In general, there are two ways to run the uPSP processing applications:

-  :ref:`Processing one test condition <sec-single-processing>`: Useful for initial checkout of raw
   data from a wind tunnel test setup. The user manually runs each step
   in the pipeline.
-  :ref:`Batch processing multiple test conditions <sec-batch-processing>`: Useful after initial
   checkout. A framework auto-generates scripts that will invoke each
   pipeline step for each wind tunnel test condition. The user controls
   the pipeline via top-level “launcher” scripts.

.. _sec-single-processing:

Producing surface pressure time history for one test condition
==============================================================

The following instructions allow a user to process a single test
conditions with the uPSP software. The steps will use bracketed
shorthand like ``<name>`` to refer to the path to input files on
disk (for more details concerning file formats, see :doc:`file-formats`).
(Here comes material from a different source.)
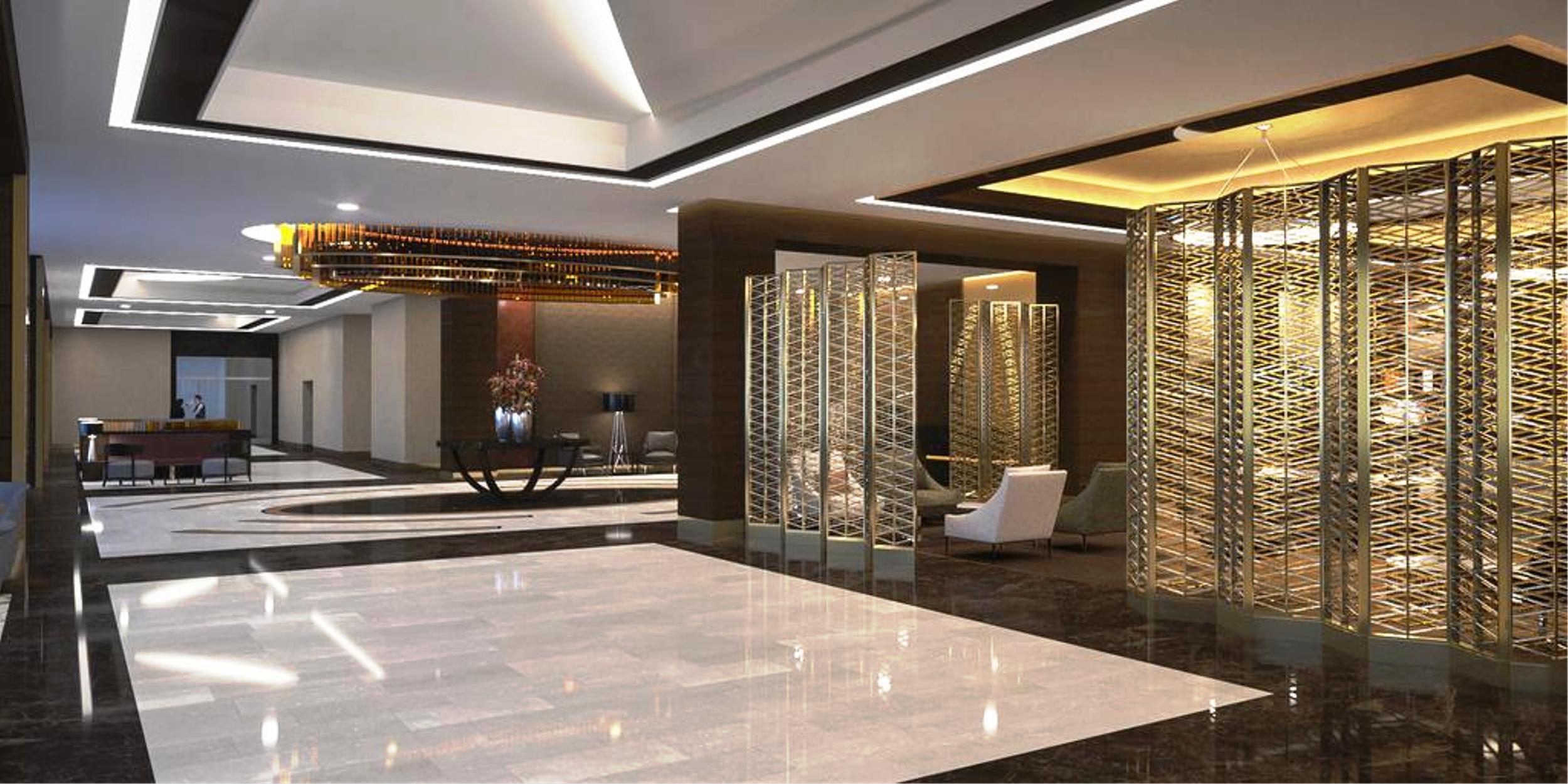 Mercure Istanbul West Hotel & Convention Center Zewnętrze zdjęcie
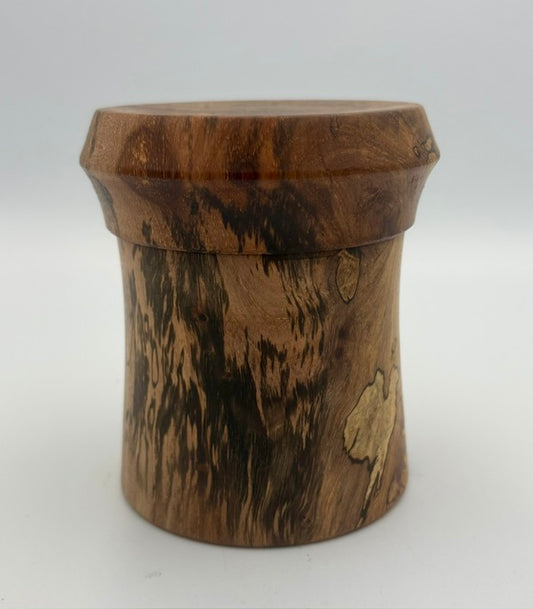 Pecan Box #8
#. Acquire the following input files:

   -  ``<video-file>``: High-speed video of your test subject (:ref:`sec-video-file`)
   -  ``<grid-file>``: Test subject 3D model (:ref:`sec-grid-file`)
   -  ``<tgts-file>``: Registration targets and fiducials (:ref:`sec-tgts-file`)
   -  ``<steady-file>``: Steady-state surface pressure (:ref:`sec-steady-file`)
   -  ``<wtd-file>``: Time-averaged wind tunnel conditions (:ref:`sec-wtd-file`)
   -  ``<paint-file>``: Unsteady gain paint calibration coefficients (:ref:`sec-upsp-gain-file`)
   -  ``<cal-file>``: Camera calibration parameters (one file per camera) (:ref:`sec-cam-cal-file`)

#. Create the following processing configuration files:

   -  ``<excal-cfg-file>``: Configuration for ``upsp-external-calibration`` (:ref:`sec-excal-file`)
   -  ``<inp-file>``: Input deck for ``psp_process`` (:ref:`sec-input-deck`)

#. Run ``upsp-extract-frames`` to extract the first frame from the camera video file as a PNG.

   .. code:: bash

      #!/bin/bash
      upsp-extract-frames \
        -input=<video-file> \
        -output=first-frame.png \
        -start=1 \
        -count=1

   Run ``upsp-extract-frames -h`` for more usage details.

   The output file ``first-frame.00001.png`` contains the first frame
   from the input ``<video-file>``, scaled to 8-bit depth.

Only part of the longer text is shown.